(Excerpts from a dataset):
++++++

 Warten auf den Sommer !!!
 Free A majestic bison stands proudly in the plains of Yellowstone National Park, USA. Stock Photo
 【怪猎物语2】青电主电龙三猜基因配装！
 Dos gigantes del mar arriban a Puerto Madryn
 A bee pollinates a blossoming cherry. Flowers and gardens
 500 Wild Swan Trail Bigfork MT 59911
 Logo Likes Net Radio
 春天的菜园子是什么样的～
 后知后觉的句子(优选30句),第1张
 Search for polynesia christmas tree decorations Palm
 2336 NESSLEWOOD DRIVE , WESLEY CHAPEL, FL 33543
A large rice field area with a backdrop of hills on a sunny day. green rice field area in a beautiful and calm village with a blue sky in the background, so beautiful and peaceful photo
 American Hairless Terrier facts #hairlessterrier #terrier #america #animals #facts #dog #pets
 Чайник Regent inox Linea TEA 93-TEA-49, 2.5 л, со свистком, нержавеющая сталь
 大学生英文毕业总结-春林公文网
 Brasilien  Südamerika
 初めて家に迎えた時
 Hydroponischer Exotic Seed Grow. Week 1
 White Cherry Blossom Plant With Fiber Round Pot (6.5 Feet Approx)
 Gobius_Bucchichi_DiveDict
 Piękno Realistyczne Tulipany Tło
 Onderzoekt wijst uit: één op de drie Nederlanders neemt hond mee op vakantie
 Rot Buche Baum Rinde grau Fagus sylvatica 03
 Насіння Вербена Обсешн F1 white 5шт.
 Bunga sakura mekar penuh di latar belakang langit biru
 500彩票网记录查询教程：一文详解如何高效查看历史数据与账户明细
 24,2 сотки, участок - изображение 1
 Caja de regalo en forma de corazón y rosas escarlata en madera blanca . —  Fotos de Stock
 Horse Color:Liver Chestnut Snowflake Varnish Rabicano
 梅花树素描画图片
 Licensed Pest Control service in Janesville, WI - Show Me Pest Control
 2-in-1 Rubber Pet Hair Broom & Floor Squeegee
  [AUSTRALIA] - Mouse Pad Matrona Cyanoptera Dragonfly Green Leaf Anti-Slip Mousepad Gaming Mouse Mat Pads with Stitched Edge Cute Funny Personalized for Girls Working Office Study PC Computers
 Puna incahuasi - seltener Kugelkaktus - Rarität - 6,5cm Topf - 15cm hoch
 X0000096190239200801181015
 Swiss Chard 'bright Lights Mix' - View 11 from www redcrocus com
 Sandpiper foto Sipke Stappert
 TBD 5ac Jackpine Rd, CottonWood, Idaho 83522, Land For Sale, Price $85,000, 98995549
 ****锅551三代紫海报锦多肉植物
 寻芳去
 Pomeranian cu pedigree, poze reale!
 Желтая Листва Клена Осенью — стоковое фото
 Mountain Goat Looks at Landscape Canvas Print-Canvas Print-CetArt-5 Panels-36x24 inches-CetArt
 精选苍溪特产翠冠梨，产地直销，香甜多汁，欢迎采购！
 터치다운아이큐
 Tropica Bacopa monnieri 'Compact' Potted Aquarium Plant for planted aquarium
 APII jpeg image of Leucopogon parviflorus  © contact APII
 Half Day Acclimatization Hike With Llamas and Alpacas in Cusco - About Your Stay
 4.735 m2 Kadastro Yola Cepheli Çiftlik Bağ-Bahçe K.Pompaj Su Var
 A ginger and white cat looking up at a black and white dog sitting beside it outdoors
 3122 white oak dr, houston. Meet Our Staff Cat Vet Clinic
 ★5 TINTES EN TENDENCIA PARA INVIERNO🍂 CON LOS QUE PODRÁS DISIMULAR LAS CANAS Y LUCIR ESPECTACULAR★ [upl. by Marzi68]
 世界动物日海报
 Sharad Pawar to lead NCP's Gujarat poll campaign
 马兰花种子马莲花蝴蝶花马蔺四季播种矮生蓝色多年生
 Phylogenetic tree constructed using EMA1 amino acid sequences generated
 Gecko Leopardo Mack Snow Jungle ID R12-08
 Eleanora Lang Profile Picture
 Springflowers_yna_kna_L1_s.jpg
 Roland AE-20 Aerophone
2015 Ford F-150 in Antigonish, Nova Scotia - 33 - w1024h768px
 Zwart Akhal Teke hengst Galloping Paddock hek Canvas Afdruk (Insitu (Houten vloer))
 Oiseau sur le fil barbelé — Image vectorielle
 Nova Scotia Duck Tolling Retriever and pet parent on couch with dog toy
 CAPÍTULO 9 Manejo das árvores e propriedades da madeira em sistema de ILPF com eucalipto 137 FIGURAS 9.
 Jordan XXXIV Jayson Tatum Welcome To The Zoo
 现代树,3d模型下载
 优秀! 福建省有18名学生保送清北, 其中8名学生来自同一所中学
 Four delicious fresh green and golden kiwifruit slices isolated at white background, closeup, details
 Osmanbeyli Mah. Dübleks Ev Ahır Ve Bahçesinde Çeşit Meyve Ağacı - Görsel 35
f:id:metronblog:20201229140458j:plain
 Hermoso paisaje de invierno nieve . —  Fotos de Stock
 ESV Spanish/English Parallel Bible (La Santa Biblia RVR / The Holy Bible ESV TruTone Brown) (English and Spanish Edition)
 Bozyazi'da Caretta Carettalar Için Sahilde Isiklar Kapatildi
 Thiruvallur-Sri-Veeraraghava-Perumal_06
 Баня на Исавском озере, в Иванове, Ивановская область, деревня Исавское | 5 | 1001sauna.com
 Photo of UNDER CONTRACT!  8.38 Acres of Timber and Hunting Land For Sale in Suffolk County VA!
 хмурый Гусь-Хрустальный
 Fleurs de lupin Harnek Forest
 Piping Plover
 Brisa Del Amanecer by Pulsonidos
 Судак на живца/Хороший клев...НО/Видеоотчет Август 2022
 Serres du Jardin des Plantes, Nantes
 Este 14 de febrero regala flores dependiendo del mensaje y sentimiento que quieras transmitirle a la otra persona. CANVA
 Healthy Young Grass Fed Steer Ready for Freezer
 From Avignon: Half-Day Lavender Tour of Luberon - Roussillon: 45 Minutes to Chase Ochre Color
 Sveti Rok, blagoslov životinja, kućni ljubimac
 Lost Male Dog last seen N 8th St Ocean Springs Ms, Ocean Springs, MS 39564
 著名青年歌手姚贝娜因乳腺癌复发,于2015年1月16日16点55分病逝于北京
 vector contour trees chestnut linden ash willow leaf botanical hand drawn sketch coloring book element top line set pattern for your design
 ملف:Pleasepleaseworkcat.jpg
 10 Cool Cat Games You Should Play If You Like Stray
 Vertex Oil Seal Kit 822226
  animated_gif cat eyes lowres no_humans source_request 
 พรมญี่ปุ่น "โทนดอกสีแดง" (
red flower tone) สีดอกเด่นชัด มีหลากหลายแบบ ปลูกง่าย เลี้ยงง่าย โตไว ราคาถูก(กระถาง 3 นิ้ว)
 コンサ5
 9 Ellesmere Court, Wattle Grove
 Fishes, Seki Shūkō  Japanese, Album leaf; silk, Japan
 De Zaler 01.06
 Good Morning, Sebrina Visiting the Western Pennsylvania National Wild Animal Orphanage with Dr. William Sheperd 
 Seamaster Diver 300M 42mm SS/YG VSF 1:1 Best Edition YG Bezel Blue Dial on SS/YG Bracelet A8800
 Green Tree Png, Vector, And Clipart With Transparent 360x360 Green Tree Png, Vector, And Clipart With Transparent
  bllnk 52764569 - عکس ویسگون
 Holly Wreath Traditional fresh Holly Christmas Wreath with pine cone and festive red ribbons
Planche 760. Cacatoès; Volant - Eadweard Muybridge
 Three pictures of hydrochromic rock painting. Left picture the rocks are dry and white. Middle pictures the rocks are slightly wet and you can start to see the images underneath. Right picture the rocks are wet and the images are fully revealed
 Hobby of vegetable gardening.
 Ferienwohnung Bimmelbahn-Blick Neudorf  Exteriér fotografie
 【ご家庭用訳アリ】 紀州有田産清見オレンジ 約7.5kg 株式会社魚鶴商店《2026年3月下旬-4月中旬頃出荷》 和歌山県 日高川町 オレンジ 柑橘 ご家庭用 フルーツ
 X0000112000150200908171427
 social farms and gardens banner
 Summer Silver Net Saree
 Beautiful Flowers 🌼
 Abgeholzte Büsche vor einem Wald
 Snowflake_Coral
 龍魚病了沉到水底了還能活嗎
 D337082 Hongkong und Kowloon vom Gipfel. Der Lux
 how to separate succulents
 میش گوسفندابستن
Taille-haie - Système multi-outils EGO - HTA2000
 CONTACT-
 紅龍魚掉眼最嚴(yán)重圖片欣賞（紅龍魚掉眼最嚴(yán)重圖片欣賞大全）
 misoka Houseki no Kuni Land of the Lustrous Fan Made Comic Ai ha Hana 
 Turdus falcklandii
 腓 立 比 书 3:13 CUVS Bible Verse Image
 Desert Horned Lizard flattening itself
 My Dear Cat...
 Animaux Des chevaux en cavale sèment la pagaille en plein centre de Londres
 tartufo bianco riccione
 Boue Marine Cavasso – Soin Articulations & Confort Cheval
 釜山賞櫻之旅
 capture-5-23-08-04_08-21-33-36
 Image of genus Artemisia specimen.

++++++

(EXERCISE):
Above are the records; print exactly the lines from the line with "Logo Likes Net Radio" to the line with "2-in-1 Rubber Pet", including both, and nothing else.

(ANSWER FOR THE TASK):
 Logo Likes Net Radio
 春天的菜园子是什么样的～
 后知后觉的句子(优选30句),第1张
 Search for polynesia christmas tree decorations Palm
 2336 NESSLEWOOD DRIVE , WESLEY CHAPEL, FL 33543
A large rice field area with a backdrop of hills on a sunny day. green rice field area in a beautiful and calm village with a blue sky in the background, so beautiful and peaceful photo
 American Hairless Terrier facts #hairlessterrier #terrier #america #animals #facts #dog #pets
 Чайник Regent inox Linea TEA 93-TEA-49, 2.5 л, со свистком, нержавеющая сталь
 大学生英文毕业总结-春林公文网
 Brasilien  Südamerika
 初めて家に迎えた時
 Hydroponischer Exotic Seed Grow. Week 1
 White Cherry Blossom Plant With Fiber Round Pot (6.5 Feet Approx)
 Gobius_Bucchichi_DiveDict
 Piękno Realistyczne Tulipany Tło
 Onderzoekt wijst uit: één op de drie Nederlanders neemt hond mee op vakantie
 Rot Buche Baum Rinde grau Fagus sylvatica 03
 Насіння Вербена Обсешн F1 white 5шт.
 Bunga sakura mekar penuh di latar belakang langit biru
 500彩票网记录查询教程：一文详解如何高效查看历史数据与账户明细
 24,2 сотки, участок - изображение 1
 Caja de regalo en forma de corazón y rosas escarlata en madera blanca . —  Fotos de Stock
 Horse Color:Liver Chestnut Snowflake Varnish Rabicano
 梅花树素描画图片
 Licensed Pest Control service in Janesville, WI - Show Me Pest Control
 2-in-1 Rubber Pet Hair Broom & Floor Squeegee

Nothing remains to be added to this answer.